On 7/10/23 15:32, Mina Almasry wrote:
- TL;DR:
Device memory TCP (devmem TCP) is a proposal for transferring data to and/or from device memory efficiently, without bouncing the data to a host memory buffer.
(I'm writing this as someone who might plausibly use this mechanism, but I don't think I'm very likely to end up working on the kernel side, unless I somehow feel extremely inspired to implement it for i40e.)

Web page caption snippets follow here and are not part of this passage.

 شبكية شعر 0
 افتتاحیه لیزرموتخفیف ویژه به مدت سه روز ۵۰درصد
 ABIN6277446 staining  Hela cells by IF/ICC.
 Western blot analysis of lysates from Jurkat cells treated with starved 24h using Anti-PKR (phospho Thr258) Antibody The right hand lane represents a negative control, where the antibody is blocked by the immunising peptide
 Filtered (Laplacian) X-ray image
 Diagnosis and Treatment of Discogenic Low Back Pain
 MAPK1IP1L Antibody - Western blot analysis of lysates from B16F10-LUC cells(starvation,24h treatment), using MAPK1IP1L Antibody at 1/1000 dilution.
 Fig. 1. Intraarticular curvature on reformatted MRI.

I looked at these patches and the GVE tree, and I'm trying to wrap my head around the data path. As I understand it, for RX:
1. The GVE driver notices that the queue is programmed to use devmem, and it programs the NIC to copy packet payloads to the devmem that has been programmed. 2. The NIC receives the packet and copies the header to kernel memory and the payload to dma-buf memory. 3. The kernel tells userspace where in the dma-buf the data is. 4. Userspace does something with the data. 5. Userspace does DONTNEED to recycle the memory and make it available for new received packets.
Did I get this right?
This seems a bit awkward if there's any chance that packets not intended for the target device end up in the rxq.
I'm wondering if a more capable if somewhat higher latency model could work where the NIC stores received packets in its own device memory. Then userspace (or the kernel or a driver or whatever) could initiate a separate DMA from the NIC to the final target *after* reading the headers. Can the hardware support this?

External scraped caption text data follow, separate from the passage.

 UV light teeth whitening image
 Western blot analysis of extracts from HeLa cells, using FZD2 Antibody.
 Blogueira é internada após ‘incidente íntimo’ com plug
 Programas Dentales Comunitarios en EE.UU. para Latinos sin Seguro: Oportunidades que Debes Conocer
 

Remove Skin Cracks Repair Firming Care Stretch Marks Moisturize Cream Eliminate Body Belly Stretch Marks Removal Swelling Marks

Another way of putting this is: steering received data to a specific device based on the *receive queue* forces the logic selecting a destination device to be the same as the logic selecting the queue. RX steering logic is pretty limited on most hardware (as far as I know -- certainly I've never had much luck doing anything especially intelligent with RX flow steering, and I've tried on a couple of different brands of supposedly fancy NICs). But Linux has very nice capabilities to direct packets, in software, to where they are supposed to go, and it would be nice if all that logic could just work, scalably, with device memory. If Linux could examine headers *before* the payload gets DMAed to wherever it goes, I think this could plausibly work quite nicely. One could even have an easy-to-use interface in which one directs a *socket* to a PCIe device. I expect, although I've never looked at the datasheets, that the kernel could even efficiently make rx decisions based on data in device memory on upcoming CXL NICs where device memory could participate in the host cache hierarchy.
My real ulterior motive is that I think it would be great to use an ability like this for DPDK-like uses. Wouldn't it be nifty if I could open a normal TCP socket, then, after it's open, ask the kernel to kindly DMA the results directly to my application memory (via udmabuf, perhaps)? Or have a whole VLAN or macvlan get directed to a userspace queue, etc?
It also seems a bit odd to me that the binding from rxq to dma-buf is established by programming the dma-buf. This makes the security model (and the mental model) awkward -- this binding is a setting on the *queue*, not the dma-buf, and in a containerized or privilege-separated system, a process could have enough privilege to make a dma-buf somewhere but not have any privileges on the NIC. (And may not even have the NIC present in its network namespace!)